In the picture to the right, the image shows a table of guests, smiling and enjoying their meal together. This is a scene that is repeated every day at both of my lodges in Alaska and it is one that brings me joy and a sense of accomplishment.
The opportunity to cook for people, traveling from all over the world, from all types of backgrounds and lifestyles, is the best part of the work I do. The opportunity that I have to live creatively has allowed me the time to pursue my interests: food cookery, culinary literature, gardening, teaching, and writing.
This section of our website shares favorite books we are reading at the lodge, notes from my journal, and other brief glimpses into our lives in Alaska. Below is an excerpt from the Winterlake Lodge Cookbook that shares with you a little about my philosophy of cooking. And the lady raising her glass in the photo – that’s Madeleine Kamman, seated next to her husband Alan.
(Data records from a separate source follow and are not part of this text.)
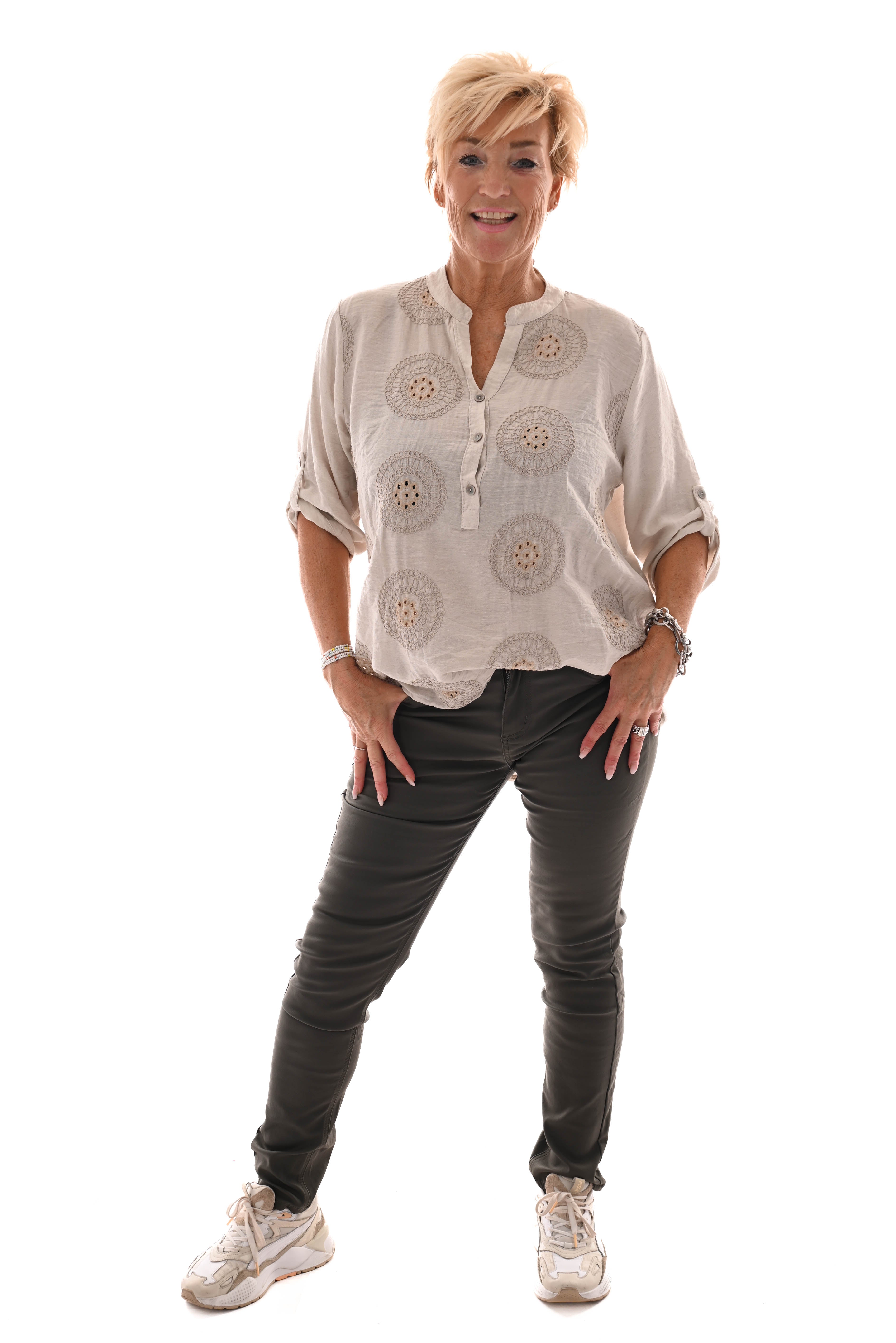 Blouse v-hals ophaalmouwen mandala beige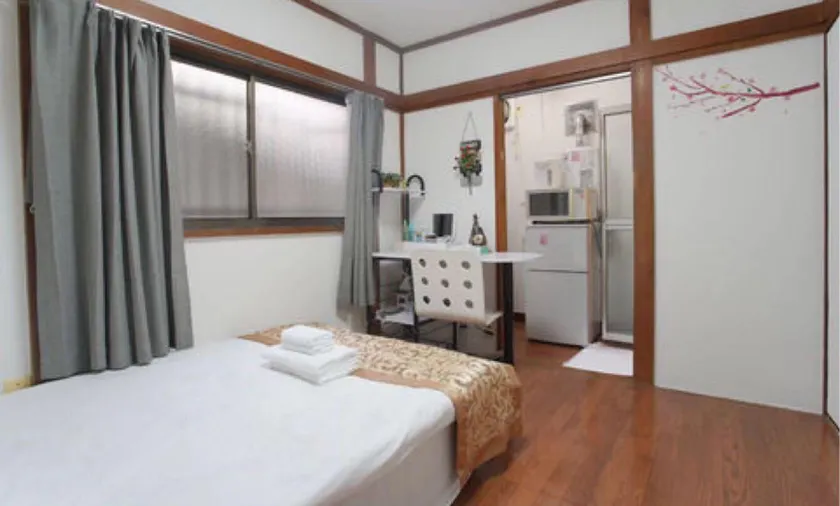 Free Wi-Fi, 6 minutes by train to Shinjuku Station, 7 minutes walk from Koenji Station - Image 1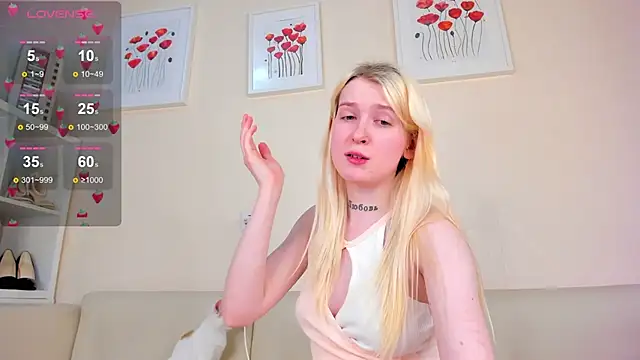 rosa mariposa  online show from February 27, 2025, 10:53 pm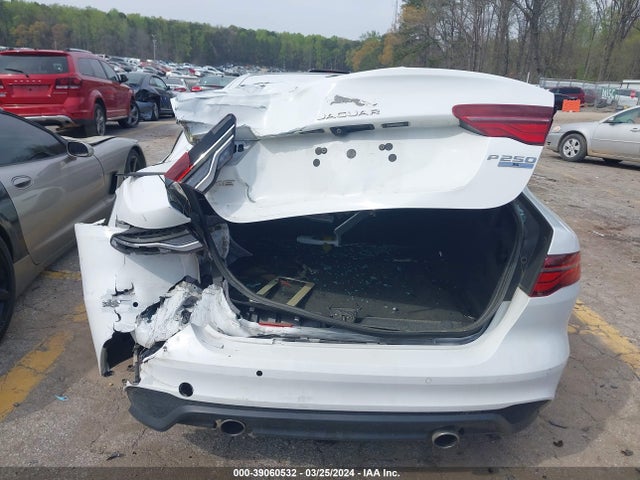 2020 JAGUAR XE SAJAE4FX2LCP62820 Photo 5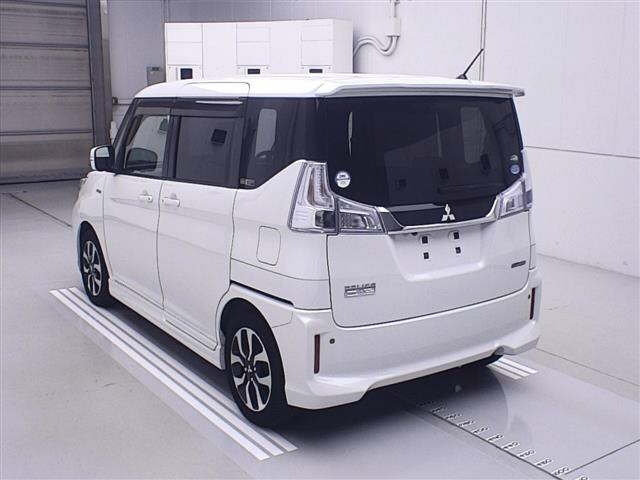 MITSUBISHI DELICA D2 2018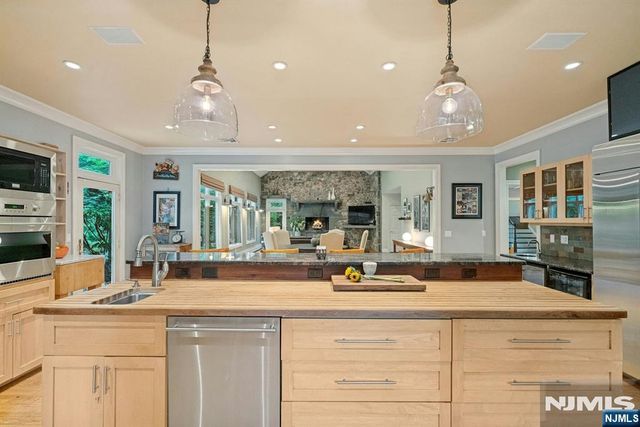 51 Rutherford Place, Montvale, NJ 07645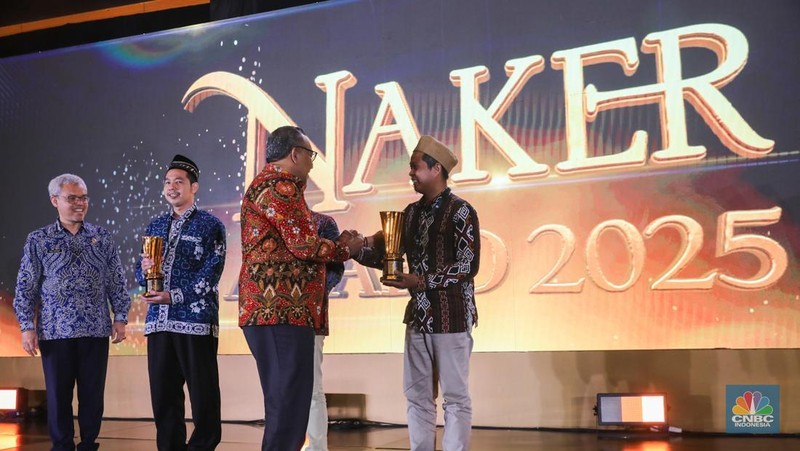 Menteri Ketenagakerjaan, Yassierli menyampaikan laporan dalam acara Naker Award 2025 di Jakarta, Rabu (26/11/2025). (CNBC Indonesia/Faisal Rahman)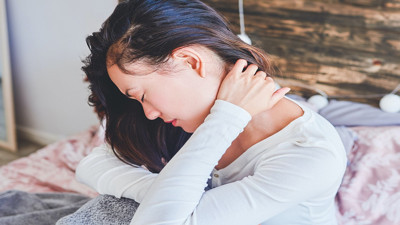 Sabahları boyun ağrısıyla uyananlara uyarı: Tehlike çanları sizin  için çalıyor olabilir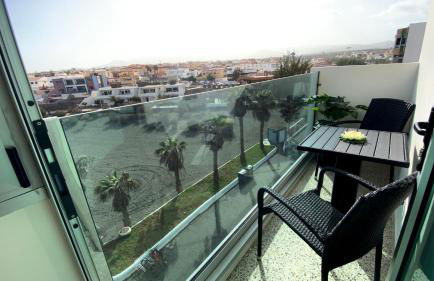 Hermoso Edificio Frente al Mar, a pie de Playa y hermosas vistas - Photo 24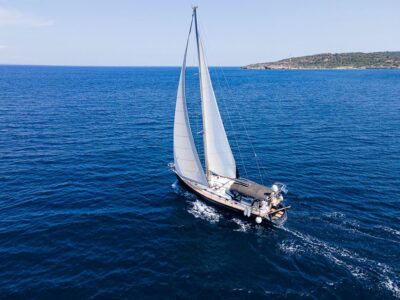 Athens Riviera: Private daily sailing cruise with lunch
Make sure you read all of Madeleine’s books listed under Favorite People and Places.
“When Carl was a boy he lived in a suburb of Cleveland, Ohio. He was drawn to a life in the outdoors even then, despite his urban upbringing. Carl pedaled around the neighborhood on his bicycle delivering newspapers, played baseball, or spent time in the woods. On some days he would ride down a long, rolling road to a rural farmhouse, tidy and cozy and situated next to a little pond. Carl dreamed that someday he would live in a house like that, a house in the country alongside a pond.
When I was young I loved cookbooks and cooking, organizing recipes on file cards, and planning dinner parties for friends. I spent many an evening going to the local library and checking out my limit of books.
One book that made a particular impression on me was The Auberge of the Flowering Hearth by Roy Adries de Groot. The book is a memoir of a trip de Groot took to a valley in France called La Grand Chartreuse. The writing conjures up a romantic sense of living close to nature and the wild. Evocative writing and chapters with titles such as “A Journey to a High and Lovely Place” transport us to a small French inn where two women introduce de Groot to remarkable mountain cuisine and unforgettable regional wines. I wanted to be just like those women who cooked at the Auberge. I wanted to take care of weary travelers as they stopped along their way to somewhere from somewhere else.
And now, Carl has a house alongside a pond and I spend my days cooking for travelers who find their way to our door.”